RECORDS FOR THIS TASK:

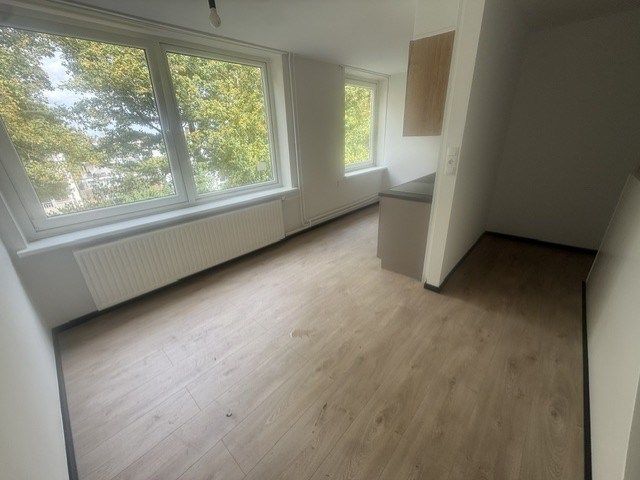 Parkweg 9, Heerlen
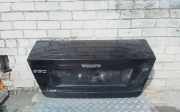 Kofferraumdeckel VOLVO S60 I 2.4 CDI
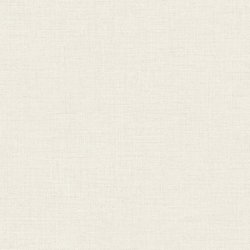 Papel Pintado Tailor Made 202120044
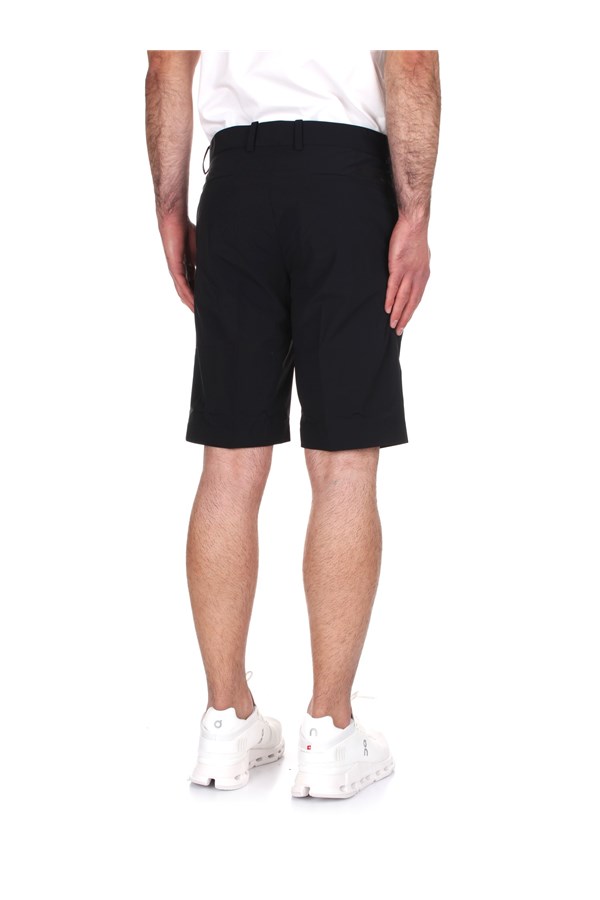 Rrd Shorts Chino pants Man 23224 10 5 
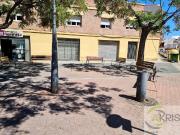 Piso, Cubelles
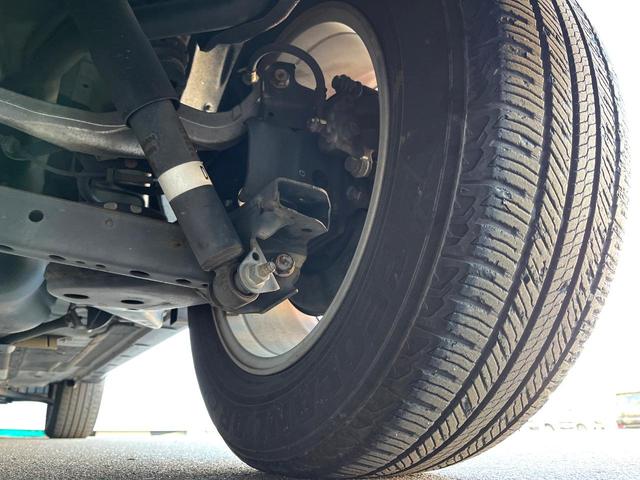 エクストレイル ２０Ｘ　エマージェンシーブレーキパッケージ　禁煙車　エマージェンシーブレーキ　純正ナビ　バックカメラ　シートヒーター　アイドリングストップ　ＥＴＣ　ＬＥＤヘッドライト　Ｂｌｕｅｔｏｏｔｈ再生　スマートキー　横滑り防止装置　オートライト（53枚目）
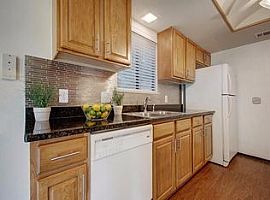 1313 Meadgreen Cir, Austin, Tx 78758 3 Beds 2 Baths in Austin, TX (Photo 12 of 12)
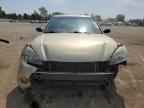 2002 NISSAN ALTIMA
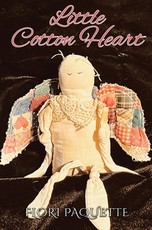 Little Cotton Heart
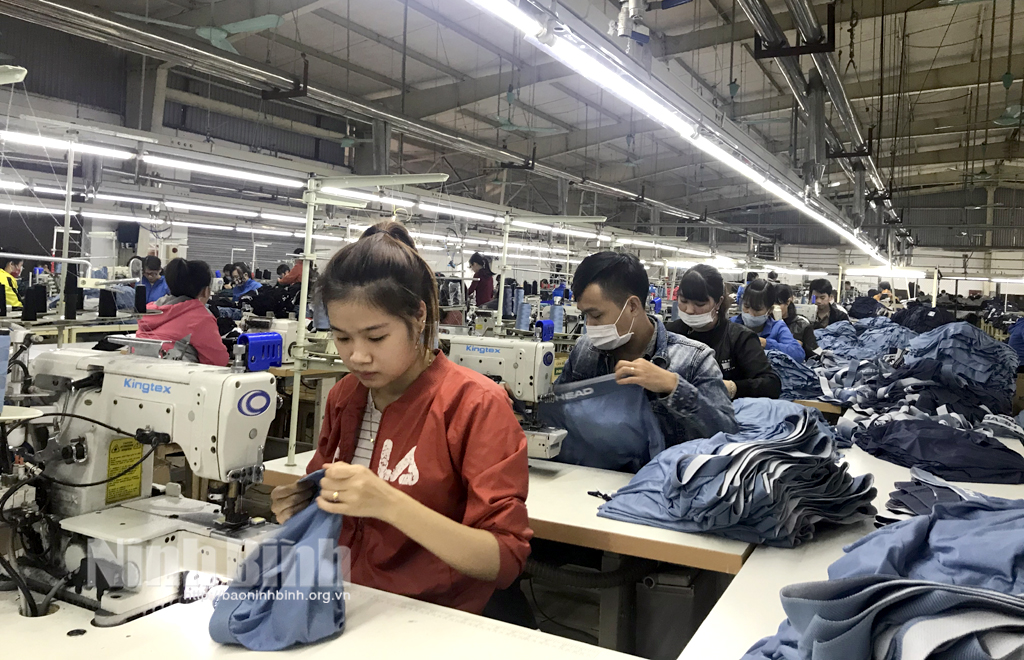 Province's CPI grows 4.48% in ten months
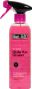 Muc-Off Wax Cleaner Chain Cleaner 500ml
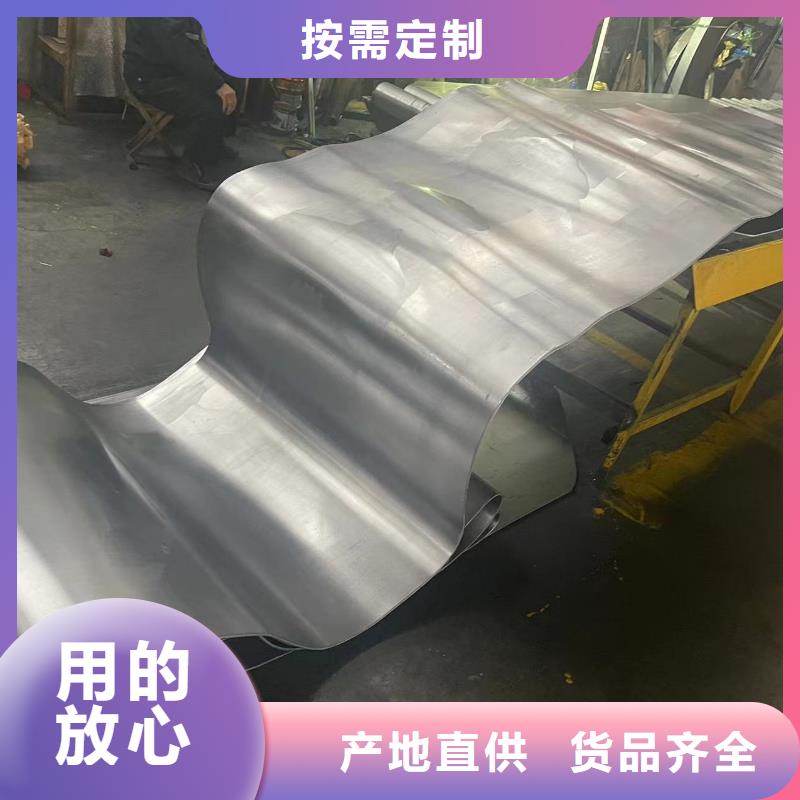 铅板2mm厚防辐射铅板当日价格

WHAT YOU HAVE TO DO: Please print an exact copy of the records, with no pictures.

OUTPUT OF THE TASK:
 Parkweg 9, Heerlen
 Kofferraumdeckel VOLVO S60 I 2.4 CDI
 Papel Pintado Tailor Made 202120044
 Rrd Shorts Chino pants Man 23224 10 5 
 Piso, Cubelles
 エクストレイル ２０Ｘ　エマージェンシーブレーキパッケージ　禁煙車　エマージェンシーブレーキ　純正ナビ　バックカメラ　シートヒーター　アイドリングストップ　ＥＴＣ　ＬＥＤヘッドライト　Ｂｌｕｅｔｏｏｔｈ再生　スマートキー　横滑り防止装置　オートライト（53枚目）
 1313 Meadgreen Cir, Austin, Tx 78758 3 Beds 2 Baths in Austin, TX (Photo 12 of 12)
 2002 NISSAN ALTIMA
 Little Cotton Heart
 Province's CPI grows 4.48% in ten months
 Muc-Off Wax Cleaner Chain Cleaner 500ml
 铅板2mm厚防辐射铅板当日价格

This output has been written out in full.